Talking with your family doctor or other health care provider will help you to decide what approach will work best for you. If you are employed, check to see if you have an employee assistance program that offers a number of free counselling services.
Peer Support Groups
A peer support group can help you connect with other women who are experiencing similar feelings. These groups are usually led by a trained facilitator. A peer support group can provide a safe place for you to make new friends, get emotional support, and learn strategies to help you cope during this challenging time in your life. To find a peer support group near you, visit the Pacific Postpartum Support Society website.
Some women with depression have experienced an improvement in their symptoms after exposure to bright, artificial light (10,000 lux or the equivalent of being outside on the beach on a sunny day). These are non‑tanning lights! It is important to check with your health care provider before trying this especially if you are taking any medications. Some medications can make your skin and eyes sensitive.
Medication (with Self‑Help Strategies and Psychotherapy/Counselling)
Many women benefit from a combination of medications and other therapy. It is important to remember that using medications affects both you and the fetus. Talk with your health care provider about whether using medication is right for you. He or she will discuss the risks and benefits of using various types of medications, and the risks of untreated depression. If you are already on medication, you should not stop taking your medication without consulting your healthcare provider.
Alternative or Complementary Therapies
There has been little research on the use of alternative or complementary therapies. Alternative or complementary therapies can include herbal products, large doses of vitamin and mineral supplements, and therapies such as acupuncture, massage or aromatherapy. Caution is recommended before choosing to use any alternative or complementary therapies. It is strongly recommended to speak with your health care provider before trying any so you can make the decision together.
It is also important to speak with your health care provider about using or switching alternative or complementary therapies especially if you have been taking medications. Many medications require a slow withdrawal.
Where to Get Help?
If you are experiencing any of the above signs, seek help. There are many resources and supports available to help you.

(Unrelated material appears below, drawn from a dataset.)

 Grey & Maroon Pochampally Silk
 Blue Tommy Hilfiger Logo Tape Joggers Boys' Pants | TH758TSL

- Your health care provider or public health nurse
- Community family services or resource centre
- HealthLink BC (8‑1‑1) or toll free for deaf/hearing‑impaired at 7‑1‑1
- Pacific Postpartum Support Society (604‑255‑7999)
- Your Psychiatrist
- Your workplace “Employee Assistance Program”

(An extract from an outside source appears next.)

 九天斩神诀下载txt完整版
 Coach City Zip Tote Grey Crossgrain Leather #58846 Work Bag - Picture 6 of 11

- Registered Psychologist (Referral line 1‑800‑730‑0522)
- Registered Clinical Counsellor (Referral line 1‑800‑909‑6303)
- Local support groups
- Reproductive Mental Health Program (604‑875‑2025 or 604‑806‑8589)
- BC Mental Health Information Line (604‑669‑7600 or 1‑800‑661‑2121)
- Mood Disorders Association (604‑873‑0103)
If you are thinking of hurting yourself, your baby, or others, contact HealthLink BC at 8‑1‑1 or your health care provider right away. Do not try to deal with depression by yourself. There are people who help women in this situation. Remember ‑ this is common and can be treated.